Thus the defendant is in a similar position to the directly estopped defendant in Rodriguez. In Rodriguez, the defendant claimed that a subsequent decision by the Supreme Judicial Court had indicated that that court's decision in her case was wrongly decided. See Rodriguez, 443 Mass. at 708. Even if, as in Rodriguez, we assume without deciding "that rule 30(b) contemplates relief in the highly unusual circumstances asserted by the defendant, the flaw in [his] argument is that," as discussed above, Horne does not actually indicate that our previous decision in his case "had been decided wrongly." Id. at 711.

Finally, the motion judge did not abuse his discretion in denying the defendant's motion for an evidentiary hearing. See Commonwealth v. Bresilla, 470 Mass. 422, 428 (2015). Where the issue the defendant raised in his motion was already raised and adjudicated, and thereby estopped, the motion judge properly denied the motion for an evidentiary hearing.

We therefore affirm the order denying the defendant's third motion for a new trial on the basis of direct estoppel and note that, in addition to what has already been said, the reasoning of the motion judge strongly suggests that the defendant cannot prevail on the merits either.

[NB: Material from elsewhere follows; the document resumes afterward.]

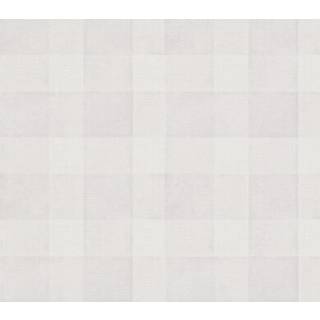 Albany Wallpaper Simple Check 38664-4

Order denying third motion for new trial affirmed.

By the Court (Katzmann, Milkey & Hanlon, JJ.),

The panelists are listed in order of seniority. --------

Clerk Entered: November 20, 2015.


Summaries of

Commonwealth v. Lucas

COMMONWEALTH OF MASSACHUSETTS APPEALS COURT
Nov 20, 2015
14-P-902 (Mass. App. Ct. Nov. 20, 2015)
Case details for

Commonwealth v. Lucas

Case Details

Full title:COMMONWEALTH v. TIMOTHY LUCAS.

Court:COMMONWEALTH OF MASSACHUSETTS APPEALS COURT

Date published: Nov 20, 2015

Citations

14-P-902 (Mass. App. Ct. Nov. 20, 2015)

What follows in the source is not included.